I’m not sure I see things the same way. I could definitely be wrong. I frequently am.

Define “strategic.”

If you mean a vital military asset, remember that clothing factories were an important industry during the wars (including the Revolutionary and Civil wars, in the US).

Military uniforms are critical. Ask any soldier. Just a couple of days ago, a friend that is an ex-marine, was telling me about the marvelous gear he had for winter exercises in Lake Tahoe. Watch any show about the siege at Stalingrad, to see what improper uniforms can mean.

If you mean a vital financial asset, then think about the economic vitality that is created by any industry. All the factories, brokers, marketers, transporters, etc. Lots of busy little ants. The garment industry is huge. My friend is extremely wealthy from a fairly small, undistinguished corner of it.

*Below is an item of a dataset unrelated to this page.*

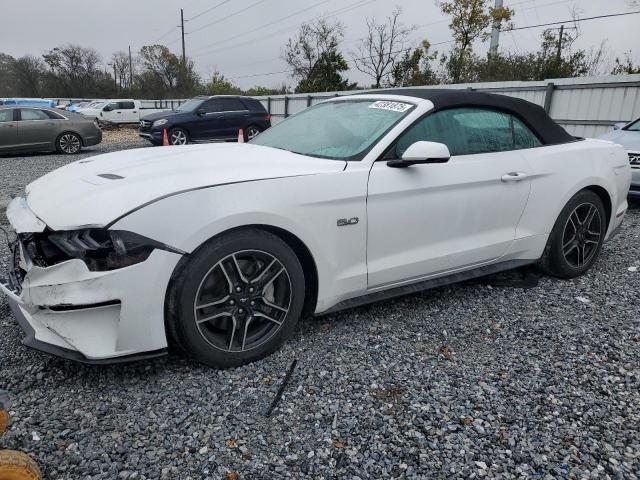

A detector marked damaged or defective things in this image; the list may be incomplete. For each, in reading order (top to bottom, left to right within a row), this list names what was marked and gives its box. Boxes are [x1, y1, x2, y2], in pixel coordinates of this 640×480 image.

crumpled front bumper [1, 198, 181, 360]
damaged front end [0, 197, 185, 362]
exposed headlight housing [21, 230, 182, 272]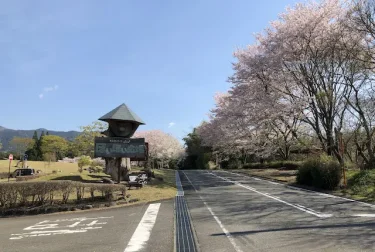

If we think of “fashion,” as a flighty, will o’ the wisp “hobby,” then consider the amazing amount of money sloshing around the world, from it. I’m not a fashionista, and the company that my friend owns isn’t really a high-fashion outfit. They do high-quality “every[wo]man” clothes, for reasonable costs. If you spent an hour, talking to him about the logistics of his operation, your jaw would hit the floor.

Many folks would argue that alcoholic beverages are an unnecessary, and possibly immoral, product, but, once again, we have an enormous industry around it. I have a couple of other friends and acquaintances that are fairly wealthy, from selling booze. Prohibition taught us a pretty big lesson.

Many folks would say that advertising, mobile games, and “vanity apps” are “not strategic,” but I’ll bet there’s a ton of folks here, that would take issue with that statement.